_Data under study_:
=======
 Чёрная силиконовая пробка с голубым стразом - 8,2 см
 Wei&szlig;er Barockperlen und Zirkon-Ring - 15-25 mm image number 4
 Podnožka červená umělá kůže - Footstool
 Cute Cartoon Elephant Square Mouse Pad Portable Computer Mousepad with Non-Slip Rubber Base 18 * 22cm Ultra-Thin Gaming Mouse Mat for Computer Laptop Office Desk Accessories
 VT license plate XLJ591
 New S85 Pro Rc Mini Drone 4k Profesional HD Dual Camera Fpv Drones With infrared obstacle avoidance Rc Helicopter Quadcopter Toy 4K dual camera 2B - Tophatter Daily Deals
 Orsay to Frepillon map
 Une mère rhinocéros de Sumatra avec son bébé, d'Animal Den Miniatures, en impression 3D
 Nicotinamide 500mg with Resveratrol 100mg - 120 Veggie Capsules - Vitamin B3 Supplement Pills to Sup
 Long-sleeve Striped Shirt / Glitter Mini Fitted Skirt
=======
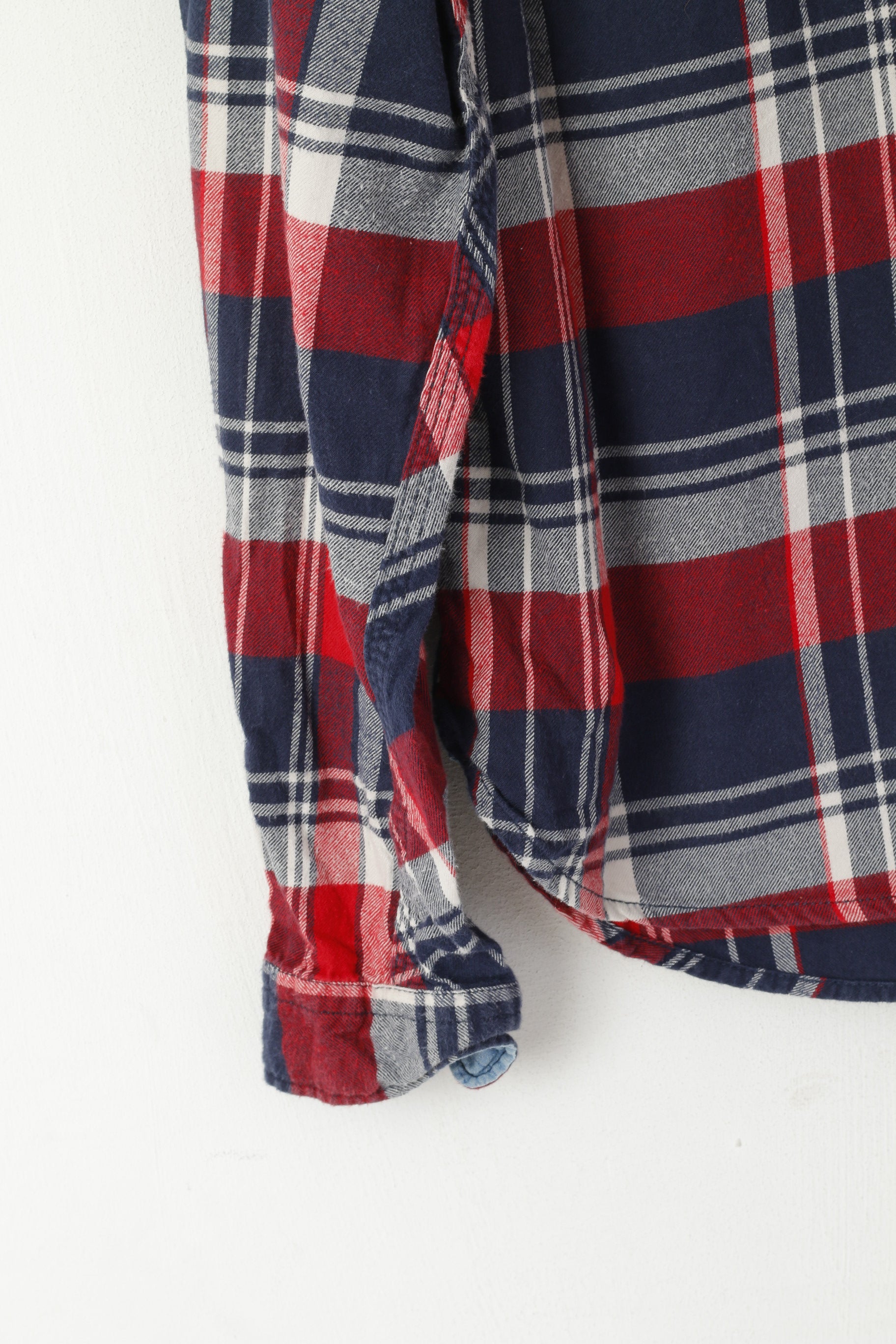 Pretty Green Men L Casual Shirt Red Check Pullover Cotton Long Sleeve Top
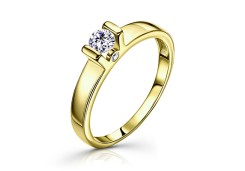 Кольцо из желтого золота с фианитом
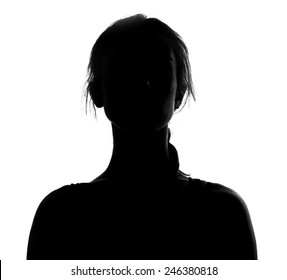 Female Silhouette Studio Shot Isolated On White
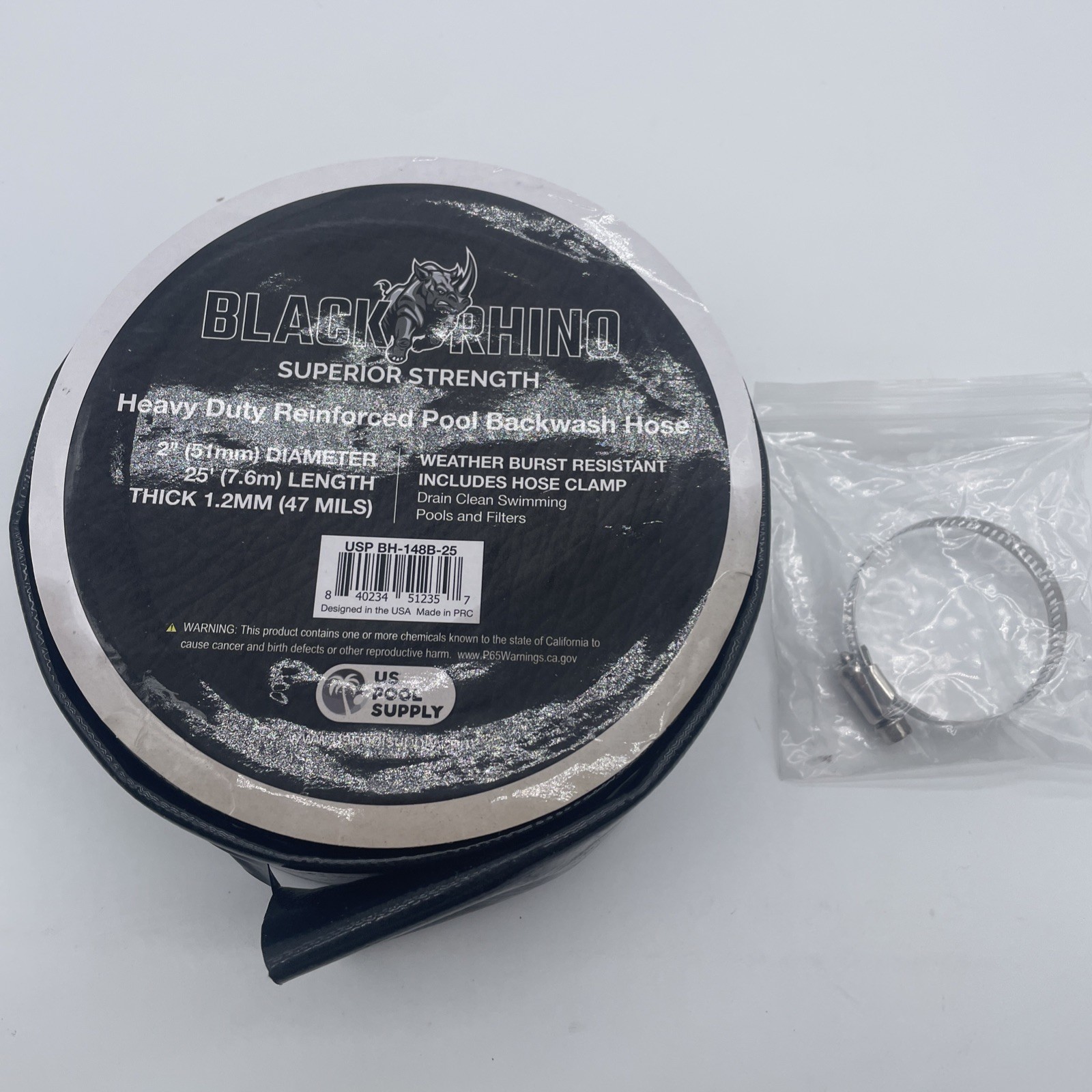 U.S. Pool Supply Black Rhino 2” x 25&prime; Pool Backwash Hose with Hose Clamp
=======
_Assigned task_: Among the entries above, the line containing "Une mère rhinocéros", the line containing "Long-sleeve Striped Shirt", and all lines between them are to be restated word for word; nothing else belongs in the reply.

_Solution_:
 Une mère rhinocéros de Sumatra avec son bébé, d'Animal Den Miniatures, en impression 3D
 Nicotinamide 500mg with Resveratrol 100mg - 120 Veggie Capsules - Vitamin B3 Supplement Pills to Sup
 Long-sleeve Striped Shirt / Glitter Mini Fitted Skirt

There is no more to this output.